The following is excerpted from the Berklee Online course Psychoacoustics in Music Production authored by Susan Rogers.
What is psychoacoustics?
Psychoacoustics is the study of the relationship between pressure waves that enter the ear and the system that converts this physical activity into hearing. Essentially, it is the study of the living part of any auditory system. We will look at what happens to acoustical signals after they reach our ears and travel a short but very complex path through the brain to emerge as sensations, perceptions, and knowledge.
Tonotopicity and Sound Perception
Psychoacoustics is founded on the basic observation that the human auditory system, and other species’ auditory systems, exhibit tonotopicity. Tonotopicity is the area of psychoacoustics that maps frequency-specific sweet spots in the cochlea, which helps explain there is a sound perception. It also helps explain the origin of musical consonance and dissonance. In this video, Rogers discusses how simultaneous frequencies can interact with each other, how the interactions are perceived, and how the ratios of these frequencies can be defined and studied.
The cochlea behaves like an array of auditory filters. We know this because two tones with a frequency separation of less than a critical bandwidth interfere with each other more than two widely spaced tones. The interference is mechanical in nature. It is termed beating when it is below 15 Hz, and roughness up to about 200 Hz. Dyads and chords from widely spaced tones are considered more consonant than those with roughness or beating because they cause less mechanical interference.
Beating, roughness, and combination tones are all first-order phenomena, meaning that these effects originate in the cochlea. Second-order beats are produced by the auditory system’s computations and are harder to perceive than first-order beats. Mistuned octaves give a good example of second-order beating.
Critical Bands and Auditory Filters
Critical bands and auditory filters are two core principles in psychoacoustics, and are important in understanding musical consonance and dissonance. Critical bandwidth (CB) is a measure of the frequencies passed through a cochlear filter. Critical bandwidth marks the point where the relationship between two tones abruptly changes. It is determined by the extent to which two simultaneous signals interfere (beat) or cover up (mask) each other. The behavior of frequencies in the cochlea can be described by using a bank of auditory filters.
With a graph of auditory filters across the frequency spectrum perceivable by humans, Rogers demonstrates how the space between frequencies and how the bands they belong to will dictate how they will interact or interfere with each other.
Our Own Anatomical Analog-to-Digital Converters
In this final video, Susan gives us a fascinating look at our own anatomical analog-to-digital converters: the hair cells in the human ear that allow us to hear. She sketches out the structure of these cells and explains the process by which sound waves are captured and translated into binary information that can be processed by the central nervous system.
Much of psychoacoustics work concerns detection and discrimination of sounds. The auditory path begins in the inner ear and ends in the temporal lobe of the brain. The cochlea houses the basilar membrane and hair cells. They are the main components for converting acoustical signals into the neuroelectrical signals called “action potentials.” Information emerges as the result of billions of neurons responding in unique ways to an infinite variety of signals coming from the world.
About Susan Rogers
Susan Rogers wrote Berklee Online’s Psychoacoustics in Music Production course, part of the school’s Master of Music in Music Production program. She is a professor at Berklee College of Music in the departments of Music Production & Engineering and Liberal Arts, and is the director of the Berklee Music Perception and Cognition Laboratory.
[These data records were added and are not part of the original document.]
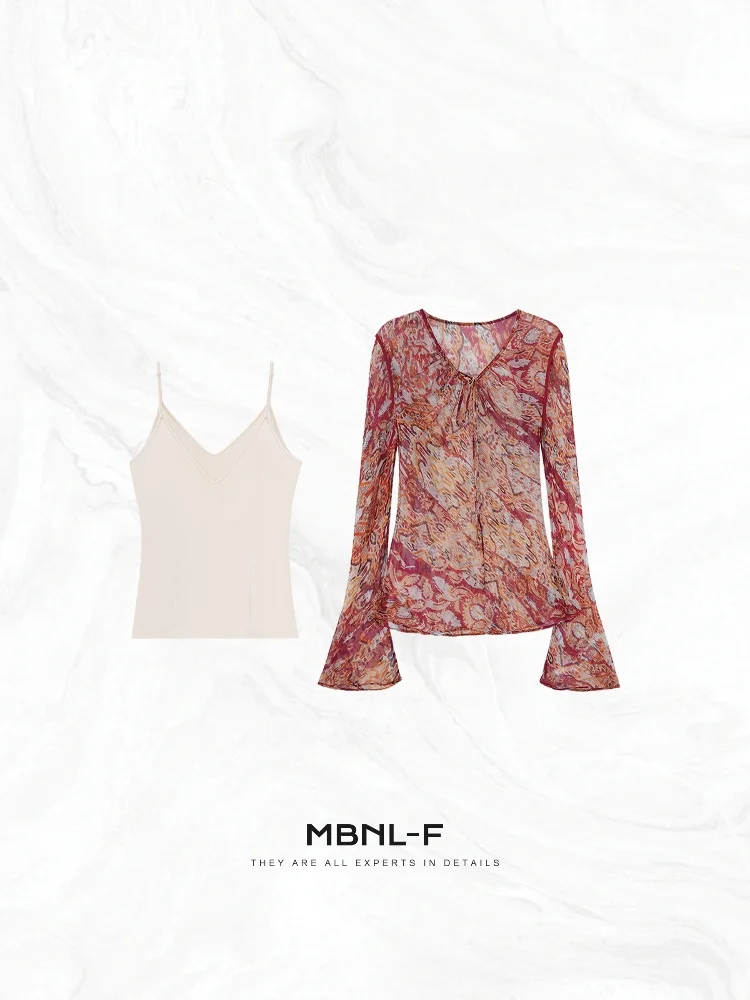 

Женская рубашка MBNLF Retro Paris Spring Summer из окрашенного шелка с длинным рукавом, защита от солнца, модель Qin Lei XMXSY332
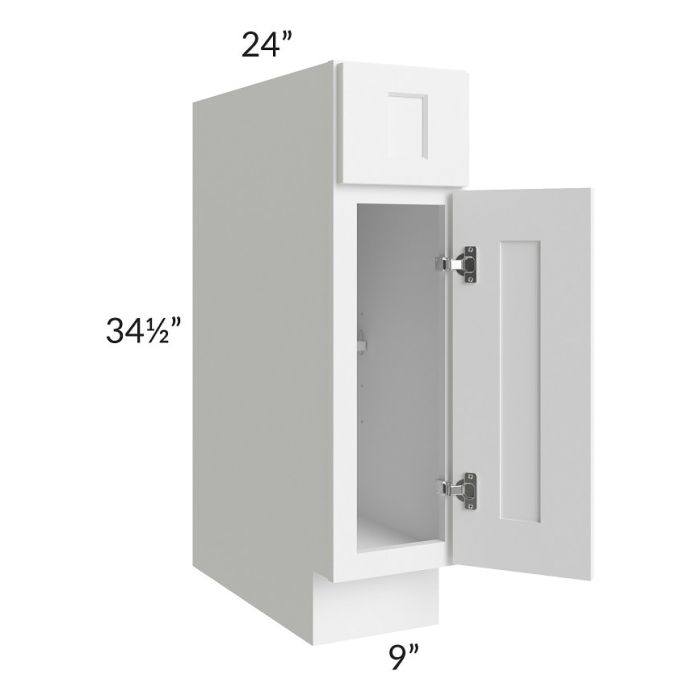 RTA Aspen White Shaker 09" Base Cabinet with 2 Decorative End Panels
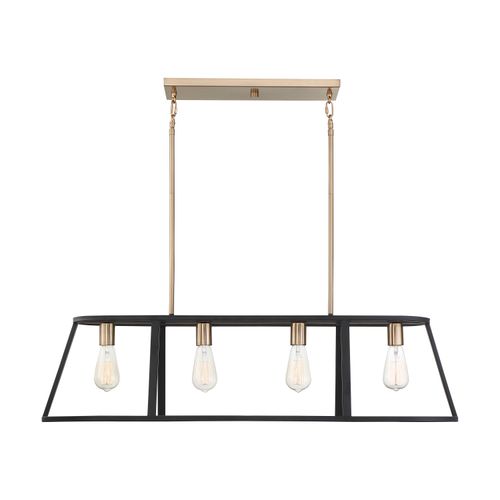 Main product image of Chassis 4 Light Island Pendant Fixture Copper Brushed Brass Finish w/ Matte Black Frame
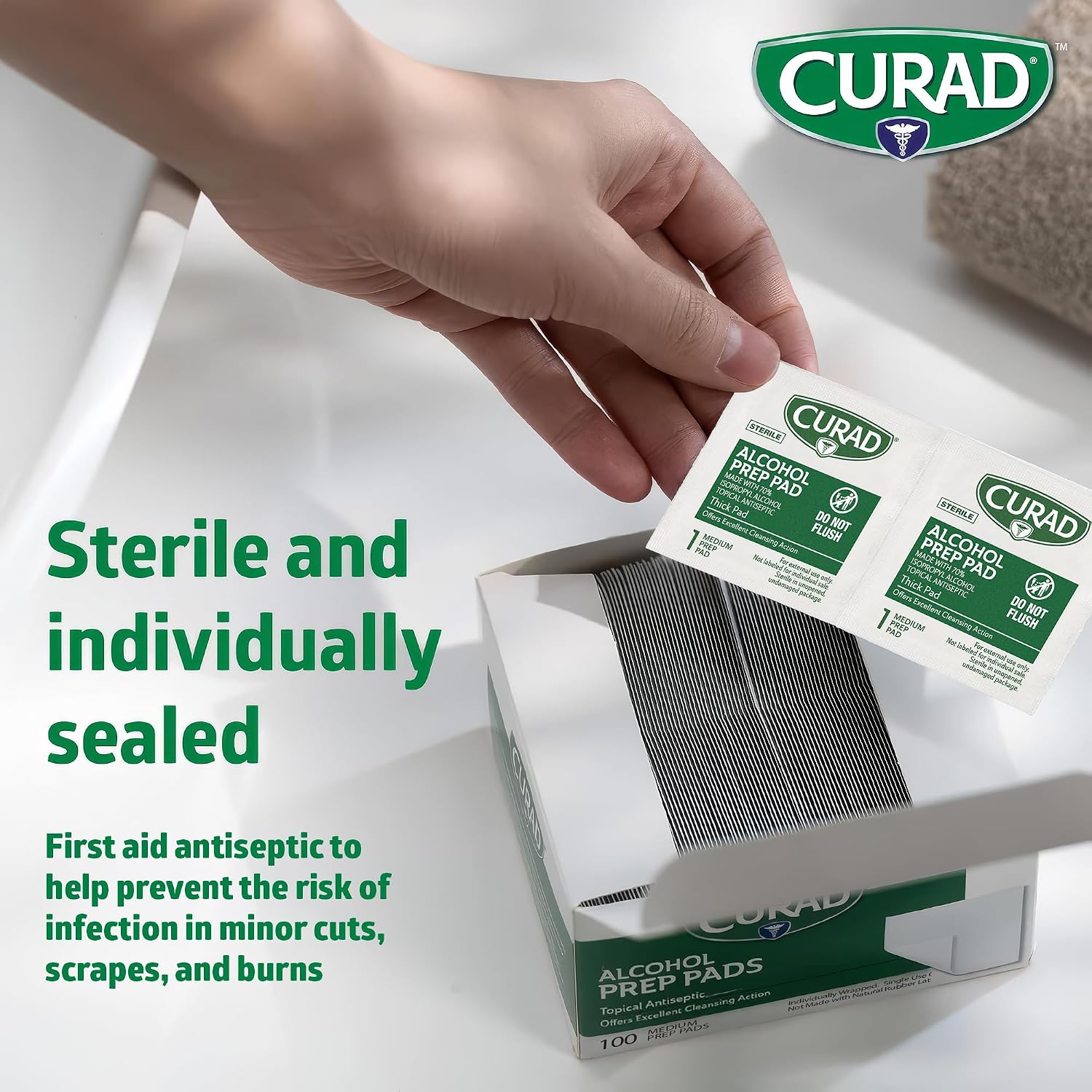 CURAD Alcohol Prep Pads, 400 Count, Medium 70% Isopropyl Alcohol Wipes, Individually Wrapped, First Aid Alcohol Swabs for Cuts & Scrapes, Medical Alcohol Pads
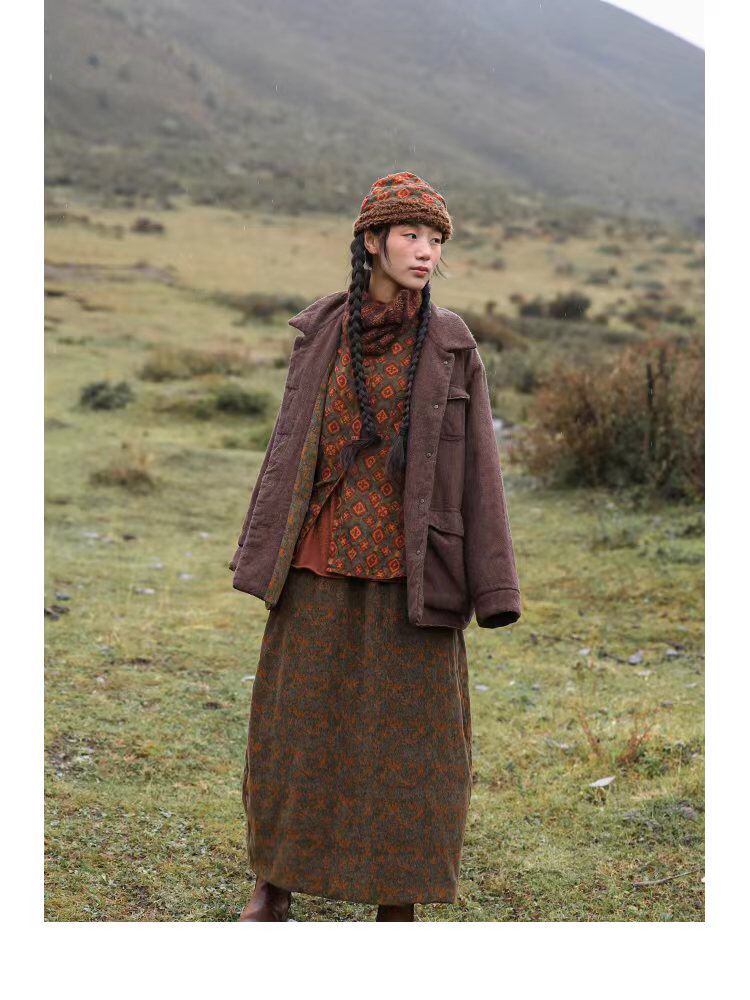 云雾里 原创设计3314复古文艺宽松大气随性羊毛棉两面穿棉半裙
Susan holds a Doctorate in Psychology from McGill University; her research focuses on auditory memory, the perception of musical signals, and the influence of musical training on auditory development. For two decades prior to her science career, Susan was one of the world’s few women known for her work as a record producer, engineer, mixer, and audio electronics technician. Career highlights include five years (1983-1987) as staff engineer for Prince, producing hit singles for diverse artists such as Barenaked Ladies, David Byrne, Robben Ford, Jeff Black, and Rusted Root, mixing hit singles for an equally eclectic list including Tricky, Michael Penn, Toad the Wet Sprocket, and Tevin Campbell, and engineering for a host more.